Individual clients may have more than one need and SHS data does not describe whether referred clients eventually received the health care needed.

 Table 1: Number of clients who were homeless at first presentation, by specialised health-related service need, 2022–23 

Specialised health-related services

Number of clients

Provided as percentage of need identified

Referred only as percentage of need identified

Not provided or referred as percentage of need identified(a)

Health/medical services

13,271

58.7

19.2

22.1

Mental health services

12,074

46.6

18.7

34.7

Drug/alcohol counselling

5,031

46.0

17.3

36.8

Specialist counselling services

4,740

53.7

18.1

28.2

Psychological services

4,391

35.4

23.2

41.4

Child specific counselling services

2,995

54.3

19.1

26.7

Psychiatric services

2,939

34.2

20.7

45.1

Family planning support

1,456

57.5

11.3

31.2

Pregnancy assistance

1,274

59.7

12.8

27.6

Physical disability services

1,123

43.8

17.3

38.9

(a) Includes clients who refuse a service.

Source: Specialist Homelessness Services Collection 2022–23, unpublished.

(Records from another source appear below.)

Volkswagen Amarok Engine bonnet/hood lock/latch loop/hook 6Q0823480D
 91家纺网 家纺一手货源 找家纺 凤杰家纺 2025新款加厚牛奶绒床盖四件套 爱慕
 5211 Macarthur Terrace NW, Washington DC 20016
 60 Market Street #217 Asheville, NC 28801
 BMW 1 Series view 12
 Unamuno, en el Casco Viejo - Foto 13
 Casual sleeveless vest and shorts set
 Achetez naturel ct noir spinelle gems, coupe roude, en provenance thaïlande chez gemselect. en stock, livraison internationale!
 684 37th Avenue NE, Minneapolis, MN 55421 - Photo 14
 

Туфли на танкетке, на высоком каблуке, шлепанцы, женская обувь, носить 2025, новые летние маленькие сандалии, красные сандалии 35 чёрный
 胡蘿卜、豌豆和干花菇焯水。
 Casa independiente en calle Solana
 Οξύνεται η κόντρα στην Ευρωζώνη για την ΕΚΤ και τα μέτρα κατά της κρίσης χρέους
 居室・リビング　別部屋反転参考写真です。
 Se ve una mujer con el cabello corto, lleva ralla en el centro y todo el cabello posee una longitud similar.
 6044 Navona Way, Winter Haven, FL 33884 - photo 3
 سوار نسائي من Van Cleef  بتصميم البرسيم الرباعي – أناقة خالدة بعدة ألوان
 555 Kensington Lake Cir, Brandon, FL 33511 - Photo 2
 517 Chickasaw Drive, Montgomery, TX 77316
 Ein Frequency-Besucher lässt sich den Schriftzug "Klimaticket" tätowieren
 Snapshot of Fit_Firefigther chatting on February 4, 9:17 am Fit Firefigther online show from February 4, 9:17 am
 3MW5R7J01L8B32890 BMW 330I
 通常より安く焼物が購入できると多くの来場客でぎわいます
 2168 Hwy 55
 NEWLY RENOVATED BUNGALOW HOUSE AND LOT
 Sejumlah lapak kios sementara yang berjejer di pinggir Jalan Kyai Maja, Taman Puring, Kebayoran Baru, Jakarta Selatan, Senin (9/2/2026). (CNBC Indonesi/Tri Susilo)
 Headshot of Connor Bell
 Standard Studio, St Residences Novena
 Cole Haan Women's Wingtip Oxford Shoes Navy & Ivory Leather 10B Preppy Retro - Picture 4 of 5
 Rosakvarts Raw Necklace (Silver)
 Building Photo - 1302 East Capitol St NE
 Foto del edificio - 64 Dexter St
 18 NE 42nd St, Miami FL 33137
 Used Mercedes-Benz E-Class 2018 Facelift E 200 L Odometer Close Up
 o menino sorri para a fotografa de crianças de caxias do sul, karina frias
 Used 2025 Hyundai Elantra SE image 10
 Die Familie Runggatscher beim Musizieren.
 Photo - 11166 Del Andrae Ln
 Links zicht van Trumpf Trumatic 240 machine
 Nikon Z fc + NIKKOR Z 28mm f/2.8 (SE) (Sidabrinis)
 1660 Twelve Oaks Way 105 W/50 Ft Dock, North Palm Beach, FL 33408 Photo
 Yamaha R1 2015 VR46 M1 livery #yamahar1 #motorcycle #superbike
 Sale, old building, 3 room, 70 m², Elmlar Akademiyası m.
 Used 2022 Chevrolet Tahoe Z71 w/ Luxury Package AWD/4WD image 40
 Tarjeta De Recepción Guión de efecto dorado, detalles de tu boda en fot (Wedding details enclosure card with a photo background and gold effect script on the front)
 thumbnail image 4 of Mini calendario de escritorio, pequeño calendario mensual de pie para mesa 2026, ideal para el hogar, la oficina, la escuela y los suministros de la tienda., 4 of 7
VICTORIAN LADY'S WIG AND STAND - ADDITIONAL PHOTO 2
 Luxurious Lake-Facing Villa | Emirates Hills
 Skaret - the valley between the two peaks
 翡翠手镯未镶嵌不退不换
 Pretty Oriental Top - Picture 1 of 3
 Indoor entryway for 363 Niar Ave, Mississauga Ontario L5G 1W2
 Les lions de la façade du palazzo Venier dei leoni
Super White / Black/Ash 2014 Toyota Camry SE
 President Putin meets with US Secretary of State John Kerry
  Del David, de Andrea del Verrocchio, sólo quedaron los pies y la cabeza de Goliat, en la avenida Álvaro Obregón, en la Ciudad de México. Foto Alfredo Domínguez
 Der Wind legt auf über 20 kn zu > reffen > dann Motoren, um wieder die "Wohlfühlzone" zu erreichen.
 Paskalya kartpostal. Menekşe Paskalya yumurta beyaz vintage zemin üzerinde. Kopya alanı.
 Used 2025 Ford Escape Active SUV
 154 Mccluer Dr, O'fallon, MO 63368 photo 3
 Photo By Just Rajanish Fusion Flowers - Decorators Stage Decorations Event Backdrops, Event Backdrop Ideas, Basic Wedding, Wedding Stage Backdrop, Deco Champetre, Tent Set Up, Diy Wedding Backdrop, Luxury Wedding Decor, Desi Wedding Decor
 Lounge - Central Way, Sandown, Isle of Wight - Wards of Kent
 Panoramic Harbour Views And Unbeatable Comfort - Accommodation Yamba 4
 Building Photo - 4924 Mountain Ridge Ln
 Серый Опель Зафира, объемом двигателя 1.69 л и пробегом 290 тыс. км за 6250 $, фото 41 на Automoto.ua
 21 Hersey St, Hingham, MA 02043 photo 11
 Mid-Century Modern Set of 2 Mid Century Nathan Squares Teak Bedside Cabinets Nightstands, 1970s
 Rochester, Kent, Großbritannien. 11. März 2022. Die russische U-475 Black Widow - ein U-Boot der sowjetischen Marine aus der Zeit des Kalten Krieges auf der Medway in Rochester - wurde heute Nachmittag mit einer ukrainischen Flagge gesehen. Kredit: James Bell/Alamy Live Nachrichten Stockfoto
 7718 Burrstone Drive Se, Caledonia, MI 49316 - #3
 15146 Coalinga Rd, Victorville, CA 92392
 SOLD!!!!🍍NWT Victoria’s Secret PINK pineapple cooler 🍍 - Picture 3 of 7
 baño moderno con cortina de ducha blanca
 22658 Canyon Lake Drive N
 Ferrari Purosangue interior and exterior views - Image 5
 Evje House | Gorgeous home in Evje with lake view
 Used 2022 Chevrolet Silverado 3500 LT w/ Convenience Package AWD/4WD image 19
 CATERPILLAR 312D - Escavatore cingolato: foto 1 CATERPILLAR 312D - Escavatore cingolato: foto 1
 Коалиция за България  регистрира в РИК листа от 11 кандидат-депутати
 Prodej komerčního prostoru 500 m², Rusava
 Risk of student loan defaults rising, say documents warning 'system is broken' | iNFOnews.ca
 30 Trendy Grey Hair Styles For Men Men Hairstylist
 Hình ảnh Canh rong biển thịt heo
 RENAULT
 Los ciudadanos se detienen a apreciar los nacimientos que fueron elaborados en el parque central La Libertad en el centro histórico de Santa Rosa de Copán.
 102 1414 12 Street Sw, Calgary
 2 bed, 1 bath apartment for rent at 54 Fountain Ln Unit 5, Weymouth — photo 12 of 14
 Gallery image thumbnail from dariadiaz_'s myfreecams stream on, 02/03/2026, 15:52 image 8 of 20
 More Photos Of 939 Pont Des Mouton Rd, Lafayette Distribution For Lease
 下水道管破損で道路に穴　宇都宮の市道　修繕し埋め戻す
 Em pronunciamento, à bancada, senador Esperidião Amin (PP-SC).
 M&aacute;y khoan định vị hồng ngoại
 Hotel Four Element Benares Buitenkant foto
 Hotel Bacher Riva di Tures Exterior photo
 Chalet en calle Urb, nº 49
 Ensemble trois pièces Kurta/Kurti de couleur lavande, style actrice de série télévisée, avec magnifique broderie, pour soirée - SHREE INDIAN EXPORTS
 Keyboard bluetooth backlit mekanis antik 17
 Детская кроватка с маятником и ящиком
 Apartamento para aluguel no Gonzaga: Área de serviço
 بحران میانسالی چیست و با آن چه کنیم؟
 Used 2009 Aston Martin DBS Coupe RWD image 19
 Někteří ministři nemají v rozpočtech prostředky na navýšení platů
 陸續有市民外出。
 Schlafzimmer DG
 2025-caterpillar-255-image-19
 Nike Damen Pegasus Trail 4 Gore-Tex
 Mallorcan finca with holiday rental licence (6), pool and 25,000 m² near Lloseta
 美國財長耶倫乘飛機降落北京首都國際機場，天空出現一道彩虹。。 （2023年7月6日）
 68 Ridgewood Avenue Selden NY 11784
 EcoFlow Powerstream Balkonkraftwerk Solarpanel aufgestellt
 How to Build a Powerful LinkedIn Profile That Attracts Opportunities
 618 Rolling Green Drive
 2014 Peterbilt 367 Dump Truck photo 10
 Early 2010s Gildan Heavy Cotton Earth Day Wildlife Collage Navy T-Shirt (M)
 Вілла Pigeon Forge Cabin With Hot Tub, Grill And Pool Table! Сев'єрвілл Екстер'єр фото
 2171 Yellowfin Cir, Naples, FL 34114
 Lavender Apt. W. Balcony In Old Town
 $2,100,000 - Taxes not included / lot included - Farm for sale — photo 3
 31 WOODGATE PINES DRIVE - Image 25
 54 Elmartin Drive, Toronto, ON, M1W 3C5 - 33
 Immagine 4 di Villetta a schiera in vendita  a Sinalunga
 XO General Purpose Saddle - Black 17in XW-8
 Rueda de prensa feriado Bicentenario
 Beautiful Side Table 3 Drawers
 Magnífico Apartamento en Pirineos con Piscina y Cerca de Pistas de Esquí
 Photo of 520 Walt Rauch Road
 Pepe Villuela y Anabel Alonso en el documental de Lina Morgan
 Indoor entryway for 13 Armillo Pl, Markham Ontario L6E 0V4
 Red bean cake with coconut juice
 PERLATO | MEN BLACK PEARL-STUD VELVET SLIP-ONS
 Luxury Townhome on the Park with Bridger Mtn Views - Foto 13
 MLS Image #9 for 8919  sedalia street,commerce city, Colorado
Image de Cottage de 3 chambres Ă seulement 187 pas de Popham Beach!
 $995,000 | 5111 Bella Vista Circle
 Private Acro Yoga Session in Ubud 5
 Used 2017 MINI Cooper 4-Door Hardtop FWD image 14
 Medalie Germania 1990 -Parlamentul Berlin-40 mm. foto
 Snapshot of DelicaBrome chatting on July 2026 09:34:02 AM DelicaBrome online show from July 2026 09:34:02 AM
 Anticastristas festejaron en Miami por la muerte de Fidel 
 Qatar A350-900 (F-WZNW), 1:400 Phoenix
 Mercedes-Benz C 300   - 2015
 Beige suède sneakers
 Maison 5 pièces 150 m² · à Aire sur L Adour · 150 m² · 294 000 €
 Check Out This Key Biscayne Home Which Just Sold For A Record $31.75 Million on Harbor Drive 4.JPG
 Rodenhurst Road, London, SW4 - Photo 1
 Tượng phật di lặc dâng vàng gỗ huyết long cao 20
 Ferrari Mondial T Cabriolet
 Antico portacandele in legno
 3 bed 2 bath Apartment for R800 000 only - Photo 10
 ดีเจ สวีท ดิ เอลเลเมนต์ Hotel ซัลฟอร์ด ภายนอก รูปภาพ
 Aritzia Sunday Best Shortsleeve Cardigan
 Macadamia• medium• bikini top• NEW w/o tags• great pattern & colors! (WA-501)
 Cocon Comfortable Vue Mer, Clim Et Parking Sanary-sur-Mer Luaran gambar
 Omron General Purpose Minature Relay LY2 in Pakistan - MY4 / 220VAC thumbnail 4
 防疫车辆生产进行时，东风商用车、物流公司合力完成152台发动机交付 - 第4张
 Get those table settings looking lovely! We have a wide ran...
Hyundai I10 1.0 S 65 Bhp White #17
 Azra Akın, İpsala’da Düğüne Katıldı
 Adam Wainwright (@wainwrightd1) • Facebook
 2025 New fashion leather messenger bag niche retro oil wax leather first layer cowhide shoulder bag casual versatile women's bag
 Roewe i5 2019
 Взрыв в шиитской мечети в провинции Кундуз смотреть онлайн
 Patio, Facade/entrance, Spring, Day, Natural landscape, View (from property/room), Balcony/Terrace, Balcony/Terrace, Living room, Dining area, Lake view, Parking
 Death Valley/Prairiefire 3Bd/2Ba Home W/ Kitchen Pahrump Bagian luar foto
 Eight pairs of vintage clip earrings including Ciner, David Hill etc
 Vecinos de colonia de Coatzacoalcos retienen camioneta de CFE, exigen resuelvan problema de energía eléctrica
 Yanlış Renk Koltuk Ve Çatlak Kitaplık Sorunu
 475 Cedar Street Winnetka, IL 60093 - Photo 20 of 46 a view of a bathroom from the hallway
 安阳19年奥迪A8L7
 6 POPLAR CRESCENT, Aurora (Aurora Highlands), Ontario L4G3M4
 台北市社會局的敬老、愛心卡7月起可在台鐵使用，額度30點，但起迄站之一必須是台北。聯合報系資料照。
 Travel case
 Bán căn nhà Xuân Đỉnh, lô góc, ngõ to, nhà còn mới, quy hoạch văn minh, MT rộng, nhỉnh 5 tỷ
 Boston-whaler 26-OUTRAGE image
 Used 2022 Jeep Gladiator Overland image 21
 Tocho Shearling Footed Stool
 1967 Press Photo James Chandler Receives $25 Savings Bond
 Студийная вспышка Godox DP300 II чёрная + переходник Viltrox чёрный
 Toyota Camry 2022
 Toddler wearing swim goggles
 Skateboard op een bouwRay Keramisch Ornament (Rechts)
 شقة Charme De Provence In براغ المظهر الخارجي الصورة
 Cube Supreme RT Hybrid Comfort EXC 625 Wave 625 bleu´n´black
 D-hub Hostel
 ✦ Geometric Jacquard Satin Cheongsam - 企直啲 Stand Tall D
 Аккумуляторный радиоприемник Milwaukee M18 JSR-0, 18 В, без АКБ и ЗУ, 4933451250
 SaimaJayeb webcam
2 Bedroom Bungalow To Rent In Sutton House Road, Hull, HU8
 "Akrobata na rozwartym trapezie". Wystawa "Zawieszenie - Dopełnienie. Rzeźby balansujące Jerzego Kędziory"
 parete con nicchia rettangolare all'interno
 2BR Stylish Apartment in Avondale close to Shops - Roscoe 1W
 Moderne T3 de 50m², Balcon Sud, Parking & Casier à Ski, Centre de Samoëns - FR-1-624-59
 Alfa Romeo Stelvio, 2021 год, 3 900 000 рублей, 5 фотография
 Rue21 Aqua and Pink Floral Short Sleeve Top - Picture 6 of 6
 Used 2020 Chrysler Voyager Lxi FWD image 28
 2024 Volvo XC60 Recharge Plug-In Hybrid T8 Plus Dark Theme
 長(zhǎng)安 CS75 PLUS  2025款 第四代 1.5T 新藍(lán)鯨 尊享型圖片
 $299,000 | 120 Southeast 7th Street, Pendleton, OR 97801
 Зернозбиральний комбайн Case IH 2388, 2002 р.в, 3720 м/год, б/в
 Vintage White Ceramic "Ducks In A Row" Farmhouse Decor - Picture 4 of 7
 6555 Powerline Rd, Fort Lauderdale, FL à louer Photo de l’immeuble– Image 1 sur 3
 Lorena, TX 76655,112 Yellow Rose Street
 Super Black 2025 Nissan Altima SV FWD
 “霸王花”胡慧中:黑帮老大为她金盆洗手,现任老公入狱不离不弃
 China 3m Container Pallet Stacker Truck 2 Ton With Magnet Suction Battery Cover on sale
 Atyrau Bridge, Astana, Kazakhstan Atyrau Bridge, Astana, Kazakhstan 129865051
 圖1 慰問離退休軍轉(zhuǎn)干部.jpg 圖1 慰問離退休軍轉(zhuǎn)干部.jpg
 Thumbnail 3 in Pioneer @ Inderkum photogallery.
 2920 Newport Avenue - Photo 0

Barriers to accessing health care

Homelessness has a substantial impact on a person’s health and presents challenges for people to access appropriate and effective medical care, including ongoing care (Davies and Wood 2018).

In 2014, 13% of people who experienced homelessness at least once in the previous 10 years were more likely to report experiencing a barrier to accessing health care, compared with 4.4% who had not experienced homelessness (ABS 2015). Among people unable to obtain health care when needed, 2 in 5 (40%) identified the cost of service as the main barrier to access, followed by long waiting times or lack of appointment availability (ABS 2015).

Individual risk factors such as illness and poor health can be a barrier to receiving health care. For example, mental illness can influence both being able to attend appointments and the effectiveness of health care provided (Davies and Wood 2018). The stigma associated with receiving mental health care, feeling stereotyped or judged can also have an impact.

Physical barriers pose further challenges. For example, being able to afford public transport to attend appointments, having no mailing address or phone to receive appointment reminders, and being able to keep medications secure are difficulties faced by people in transient housing such as rough sleeping, couch surfing or short-term accommodation.